I just ran some massive tests on our own CI. I use AMD Turin for this on gcp, which was noted as one of the fastest ones in the article.
The most insane part here is that the AMD EPYC 4565p can beat the turin's used on the cloud providers, by as much as 2x in the single core.
Our tests took 2 minutes on GCP, 1 minute flat on the 4565p with its boost to 5.1ghz holding steady vs only 4.1ghz on the gcp ones.
GCP charges $130 a month for 8vcpus. ALSO this is for SPOT that can be killed at any moment.
My 4565p is a $500 cpu... 32 vcpus... racked in a datacenter. The machine cost under 2k.
i am trying hard to convince more people to rack themselves especially for CI actions. The cloud provider charging $130 / mo for 3x less vcpus you break even in a couple months, it doesn't matter if it dies a few months later. On top of that you're getting full dedicated and 2x the perf. Anyways... glad to see I chose the right cpu type for gcloud even though nothing comes close to the cost / perf of self racking
> My 4565p is a $500 cpu... 32 vcpus... racked in a datacenter. The machine cost under 2k.

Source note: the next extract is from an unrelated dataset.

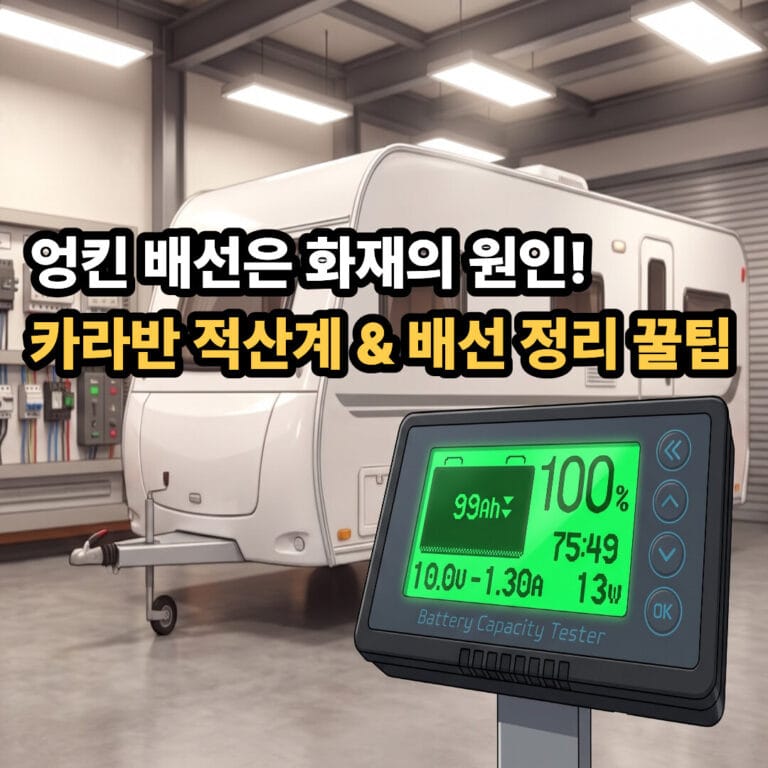 안경을 쓰지 않은 깔끔한 3D 정비사 캐릭터가 환하게 빛나는 100% 잔량의 적산계 모니터를 들고 카라반 수리점 안에서 자신감 있게 미소 짓는 모습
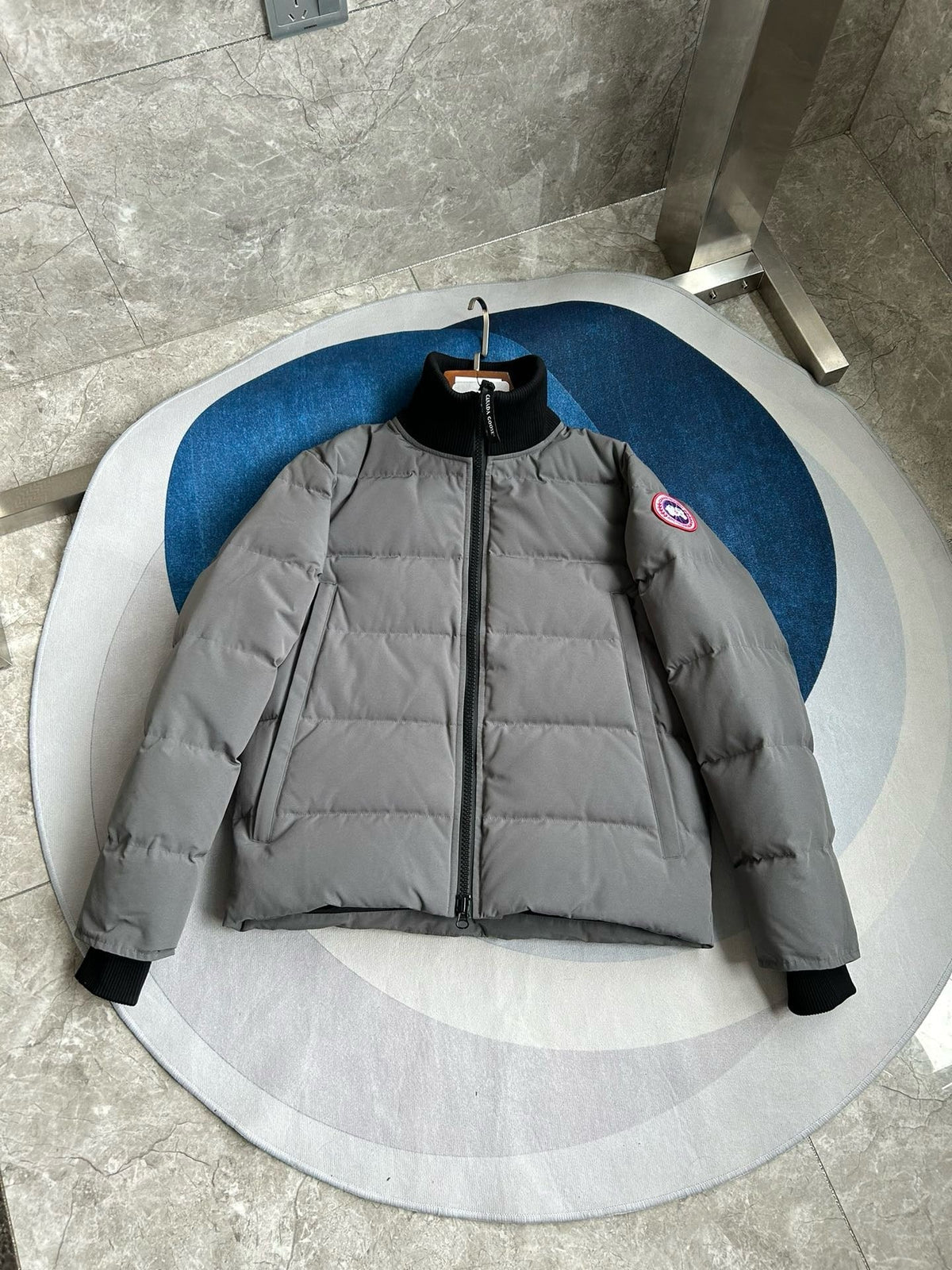 Black and White Puffer Jacket - Men's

> The cloud provider charging $140 / mo for 3x less vcpus you break even in a couple months, it doesn't matter if it dies a few months later
How do you calculate break even in a couple months if the machine costs $2,000 and you still have to pay colo fees?
If your colo fees were $100 month you wouldn’t break even for over 4 years. You could try to find cheaper colocation but even with free colocation your example doesn’t break even for over a year.
the 140/mo is for 3x less vcpu, so $420/mo savings if you use all those same cores. sorry for the poor comparison wording there. in a few months already up to $1300+ by 6 months already paid the machine.
colo fees are cheap if you need more than just 1u. even with a 50-100 fee you easily get way more performance and come ahead within a year
You originally said “a couple months” but now it’s 6 months and assumption of $0 collocation fees which isn’t realistic
In my experience situations rarely call for precisely 32 cores for a fixed period of 3 years to support calculations like this anyway. We start with a small set of cloud servers and scale them up as traffic grows. Today’s tooling makes it easy to auto scale throughout the day, even.
When trying to rack a server everyone aims higher because it sucks to start running into limits unexpectedly and be stuck on a server that wasn’t big enough to handle the load. Then you have to start considering having at least two servers in case one starts failing.
Racking a single self-built server is great for hobby projects but it’s always more complicated for serving real business workloads.
Don't nit-pick the "couple". It was used casually - like to mean not terribly long time. So the 2-6 spread, while technically big, is still just a trifle. While I'm nit-picking; up thread is talking about a limited box for CI and you're talking about scaling up real business workloads. That's just like the difference between 2 and 6. Give it a rest.
Everyone: run your scenarios and expectations in a spreadsheet and then use real data to run your CBA. Your case will be unique(ish) so make your case for your situation.
I used to run a site that compares prices[0]. Not only is the ecosystem pull to the cloud strong, but many developers today look at bare metal as downright daunting.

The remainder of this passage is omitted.